A grand old tradition in Electronic Gaming Monthly magazine was to create an annual Buyer’s Guide issue so readers could spend their hard-earned dollars carefully. (After all, brand new video games were ridiculously expensive in the 1990s.) This Buyer’s Guide was also a place where EGM‘s staff could lampoon the gaming industry at large, poking fun of the ludicrous ads that had graced their pages that year and weighing in on hot-button topics of the time. Thumb through any of these issues and you’ll get the feeling that Buyer’s Guide editorial oversight was much more lax than that of a standard EGM issue.
It’s easy to forget that the “Women in Gaming” issue was a landmine in 1998. Tomb Raider III: Adventures of Lara Croft would release that year — marking the third year in a row that would see a major Tomb Raider release — and Lara Croft had become one of gaming’s first sex symbols (possibly the very first) by then. Along with this came endless rumors of “nude codes” and discussions of the role of women in gaming.
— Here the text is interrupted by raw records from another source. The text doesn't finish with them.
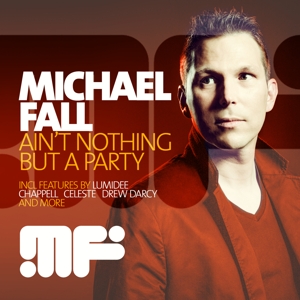 AIN'T NOTHING BUT A PARTY<br/><h5>Megjelenés: 2015-07-09</h5>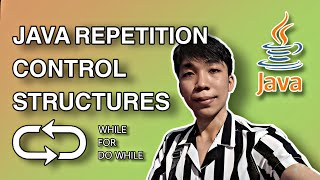 Java Repetition Control Structure (LOOP) {WHILE, DO WHILE, AND FOR LOOP}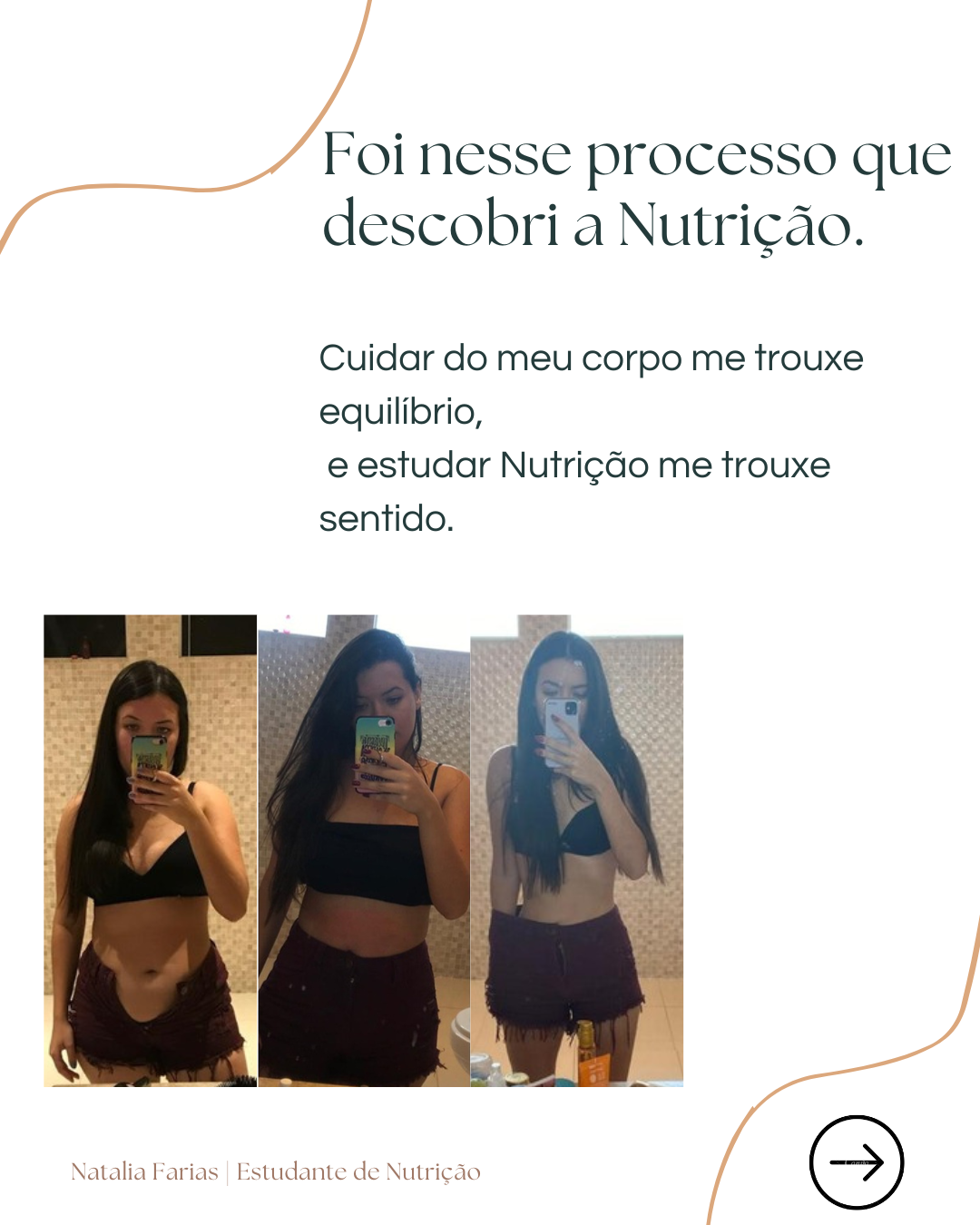 Foi nesse processo que descobri a Nutrição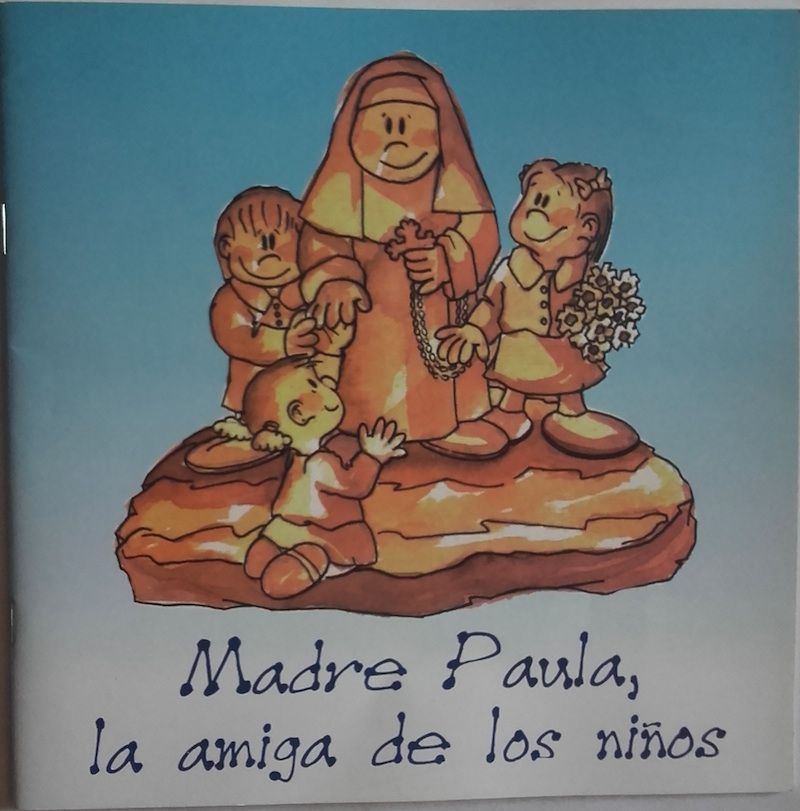 Madre Paula, la amiga de los niños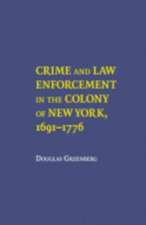 Crime and Law Enforcement in the Colony of New York, 1691–1776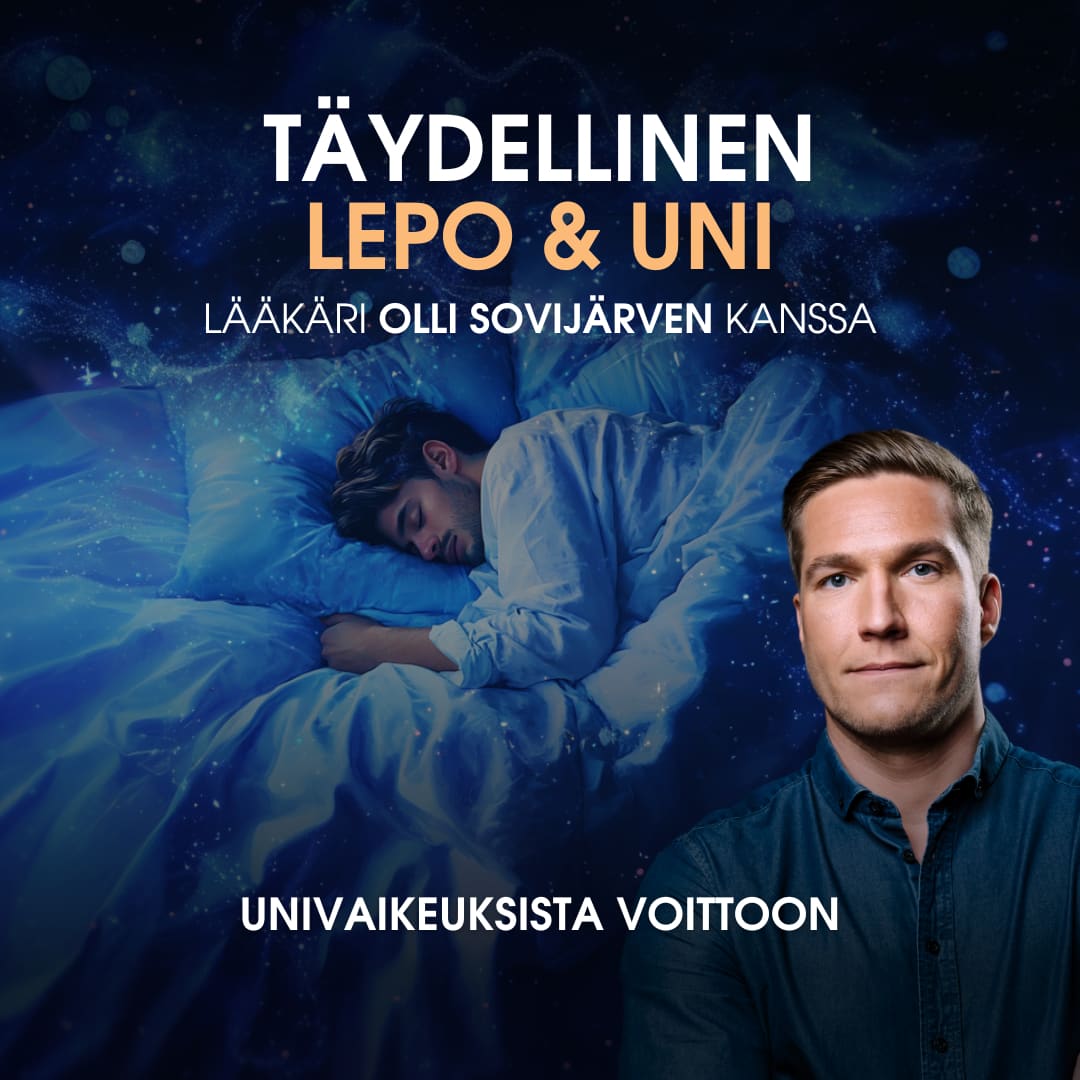Täydellinen lepo & uni: univaikeuksista voittoon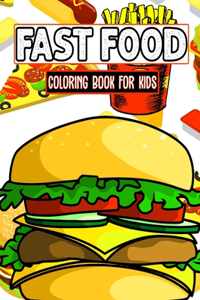 Fast Food Coloring Book For Kids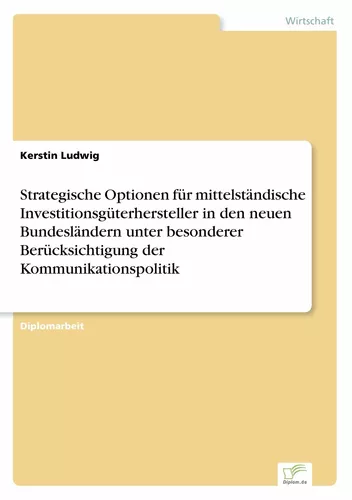 Strategische Optionen für mittelständische Investitionsgüterhersteller in den neuen Bundesländern unter besonderer Berücksichtigung der Kommunikationspolitik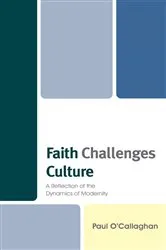 Book cover of Faith Challenges Culture by Paul O'Callaghan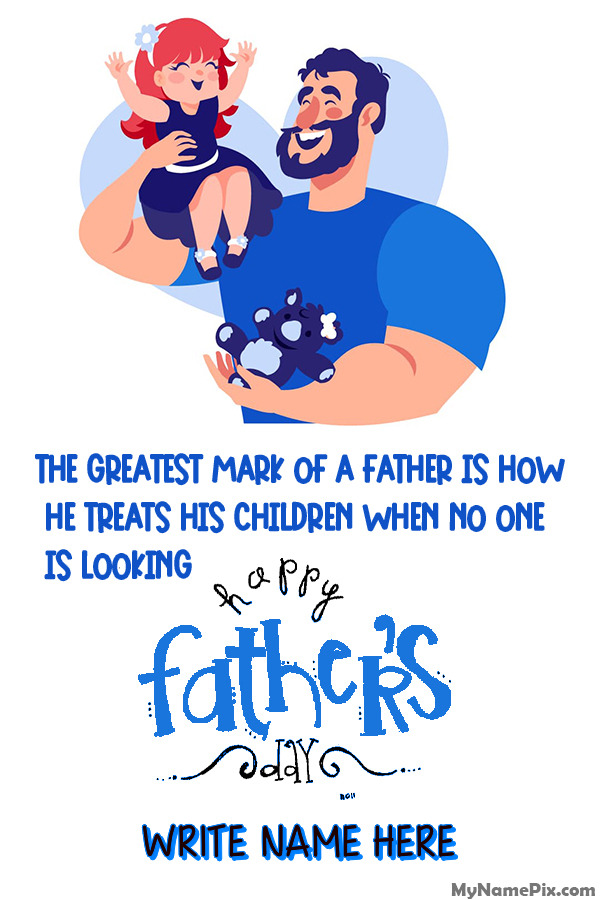 Happy Fathers Day Beautiful Wish Card With Name and Share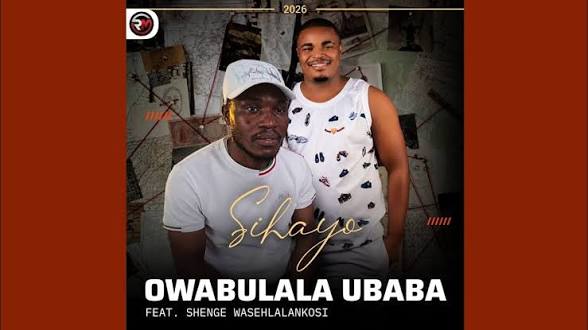 Owabulala Ubaba – Sihayo Ft. Shenge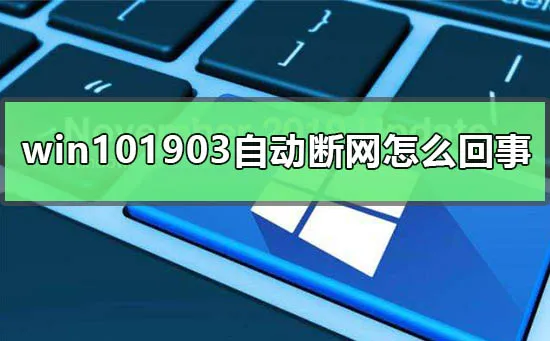 win101903版本自动断网怎么回事win101903自动断网怎么办？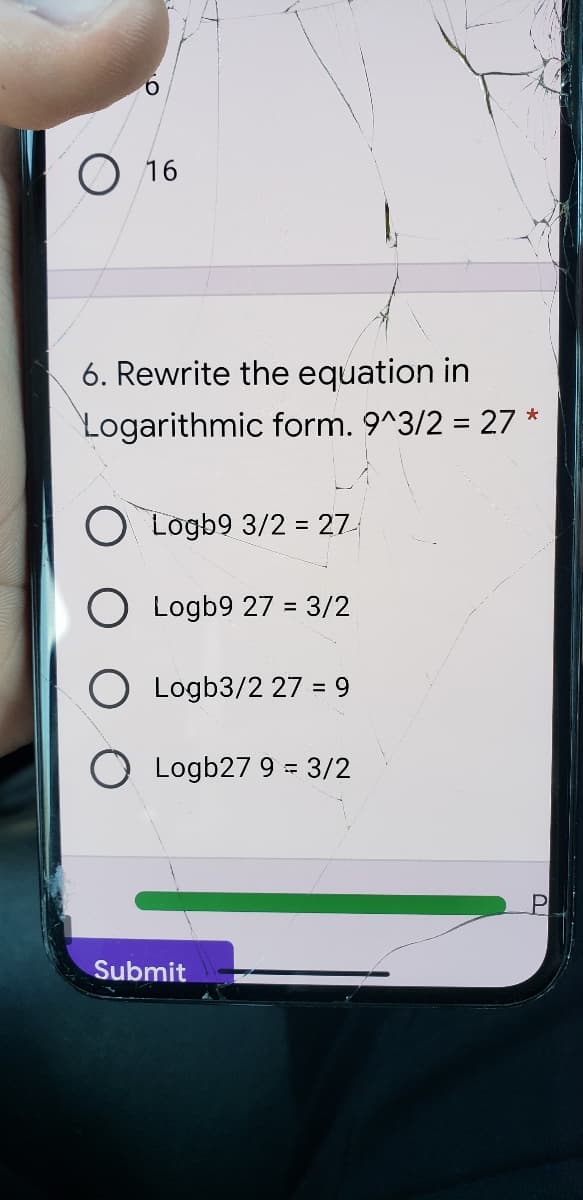 O 16
6. Rewrite the equation in
Logarithmic form. 9^3/2 = 27 *
Logb9 3/2 = 27
O Logb9 27 = 3/2
O Logb3/2 27 = 9
O Logb27 9 = 3/2
Submit
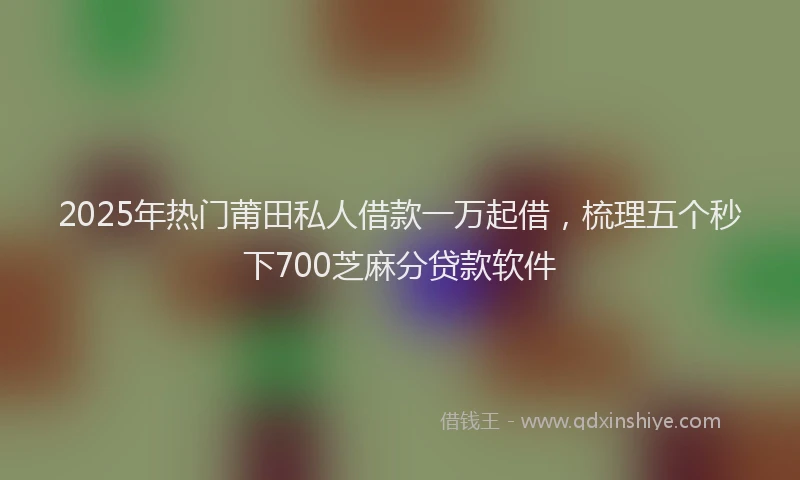 2025年热门莆田私人借款一万起借，梳理五个秒下700芝麻分贷款软件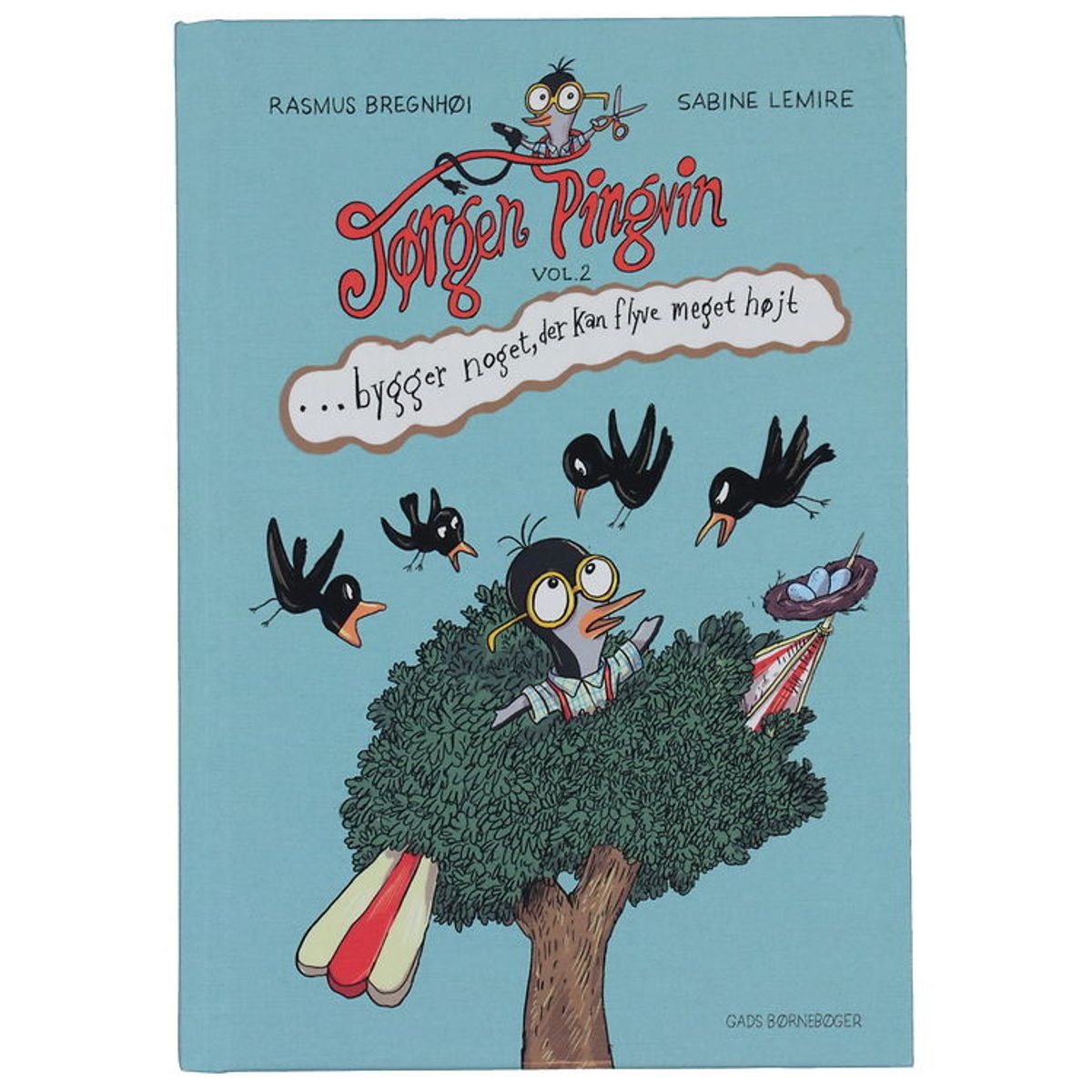 Gads Forlag Bog - Jørgen Pingvin Bygger Noget, Der Kan Flyve Meg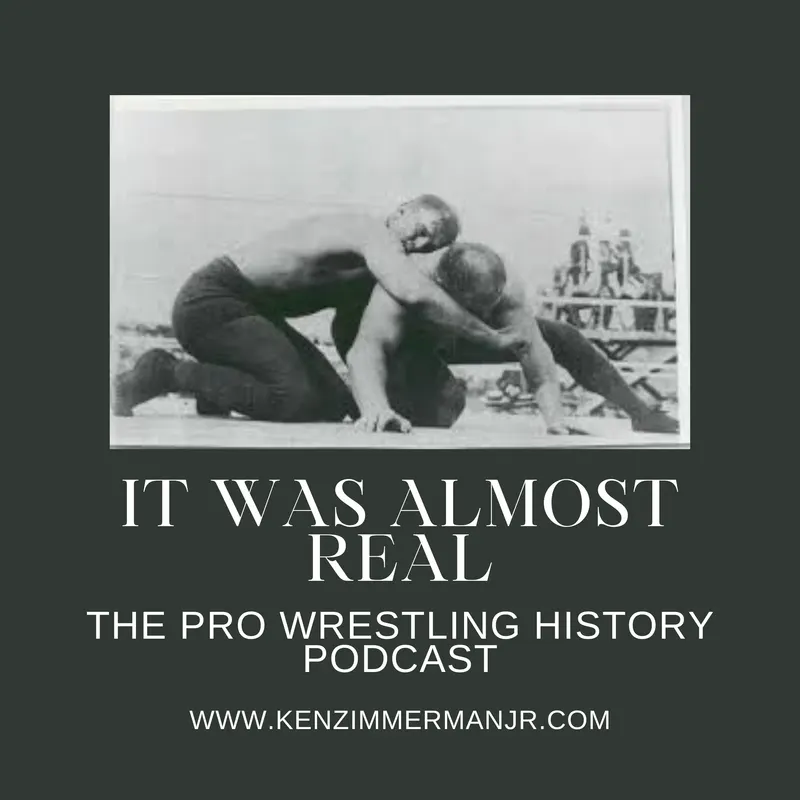 It Was Almost Real: The Pro Wrestling History Podcast artwork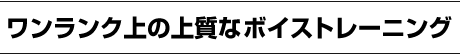 ワンランク上の上質なボイストレーニング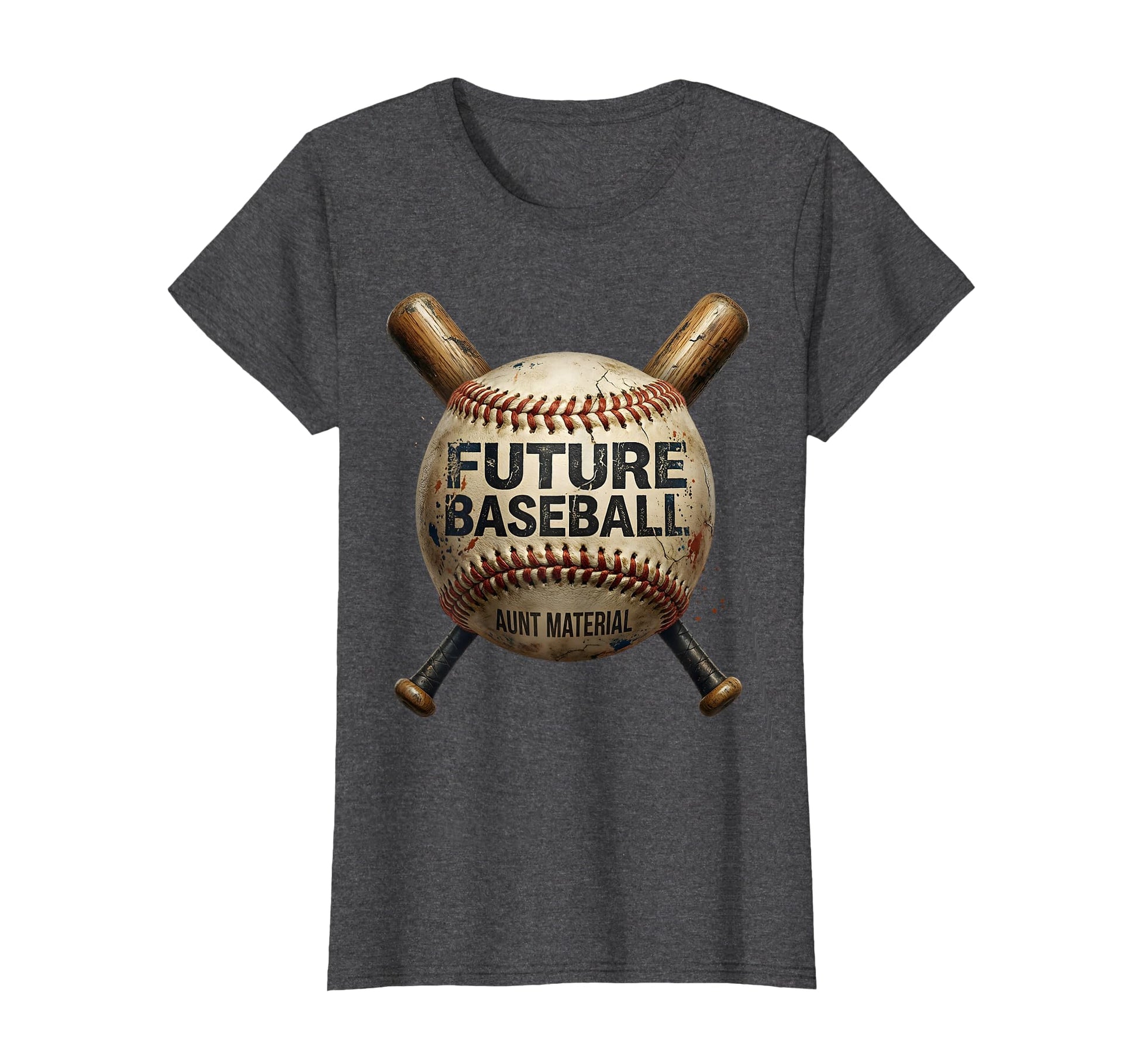 Future Baseball Aunt Material T-Shirt - Fun Novelty Design Men Women - T-Shirt, Sweatshirt, Hoodie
In their 1998 buying guide — released in January-ish of 1998 — EGM took a timeout from the “Women in Gaming” discussion at large to offer their own tongue-in-cheek solution: Just make Lara Croft a cow. In doing so, developers could justify prominent “teats” while dodging accusations of creating an overly sexualized character. They claim: “If Lara were a heifer, we obviously wouldn’t have this raging debate over sex in video games.”
This was almost certainly meant to be taken as satire — their proposed solution was absurd by any standard — but it’s interesting to see an article go to print in the early months of 1998 that already expresses fatigue over the conversation. After all, there are a lot of people nowadays who pretend the “Women in Gaming” discussion only began within the past couple years.
Whatever your take on the issue, it’s fun to look back and see an article like this one. Especially when it contains such choice phrases as “human discrimination” (as opposed to cow discrimination?) and “female human mammary gland accessories.”